One of the major concerns he highlighted was the limitation on subdividing property written into the legislature. If the bill passes into law, anyone wishing to subdivide their property after July 1, 2011 would only be able to do so once. Meaning that if, for example, parents had 40 acres and wished to grant their first child 10 acres, they would still be able to do so. However, if they wanted to deed 10 more acres to a second child several years in the future, they would not be able to. The new bill would only allow a subdivision to happen once and then never again while the current code in place allows several.
“There’s a devaluation of your property,” said Commissioner Virgil Shockley, referring to the subdivision clause.
Besides the strict limitation of subdividing, which several commissioners pointed out would be drastically less fair to farmers with hundreds of acres than to those living in towns and cities, there are other clauses regarding shared facility sewerage systems and nitrogen removal technology. Again, many members of the commission expressed the opinion that these clauses unfairly target rural counties like Worcester.
“It will kill us,” said Shockley, who added that if the bill goes into effect it would “destroy farming in Worcester County.”
“I don’t think it was well thought out to begin with,” Tudor said of the bill.
“It’s not well thought out at all,” agreed Commissioner Judy Boggs.
It was mentioned that adhering to the bill would likely mean a complete overhaul of the county’s Comprehensive Plan.
“We’d probably have to redo at least one-third of the zoning code in Worcester County,” Shockley stated.
Commission President Bud Church summed up the general consensus on the bill.
“This would be devastating,” he asserted, voicing the opinion that if the bill passed into law it would “drastically affect the way we do business in Worcester County.”

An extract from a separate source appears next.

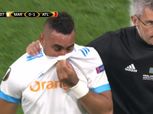 شكوك حول مشاركة «باييه» رفقة المنتخب الفرنسي بمونديال روسيا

While all of the commissioners decried the piece of legislature and agreed to oppose its passing, according to Shockley, there’s a much bigger threat to rural counties in the form of another bill.
“You’ve got a diversion going on,” he said.
Shockley pointed out that there was another bill getting ready to be introduced sometime in the near future which could potentially impact anyone in Maryland with a septic system.
“That bill has just been sitting there,” he said.
That piece of legislature deals with what Shockley called “enhanced septic systems”.
If passed, the bill might require certain properties with personal septic systems to install “pre-treatment” systems. On top of that, Shockley explained that a significant number of personal septic tanks, specifically the common 250-gallon variety, would not be able to work with the pre-treatment system, meaning a newer, larger septic tank would need to be installed.
“It’s completely changing your system,” he said.
Shockley brought up the fact that the Sustainable Growth Bill the commissioners discussed Tuesday and the future bill that could affect septic systems are both part of a group of bills which attempt to protect the Chesapeake Bay. However, Shockley claims that those laws could end up hurting rural counties more than helping the bay.
“It’s one piece at a time,” he said, referring to the string of past- and future-legislation. “This thing has nothing to do with preserving agriculture.”
While the commissioners expressed doubt over the direction the Sustainable Growth bills were heading, Governor Martin O’Malley displayed support for it. In a letter written to Maggie McIntosh, the Chair of the House Environmental Matters Committee, O’Malley asserts that steps need to be taken to counter septic pollution to the bay.
“We need to look collectively at what works in Maryland to address these issues,” O’Malley said.
It’s still unclear at this point if some kind of compromise will be reached between protecting the bay and protecting the rights of those in rural counties.
“Where we wind up with amendments, who knows?” said Tudor.
Currently, though, the commissioners are not happy with the bill and are planning to oppose it. Additionally, a suggestion was made to discuss the issue with the representatives of other rural counties in Maryland.
“I do know we are not alone in opposition of this,” said Boggs.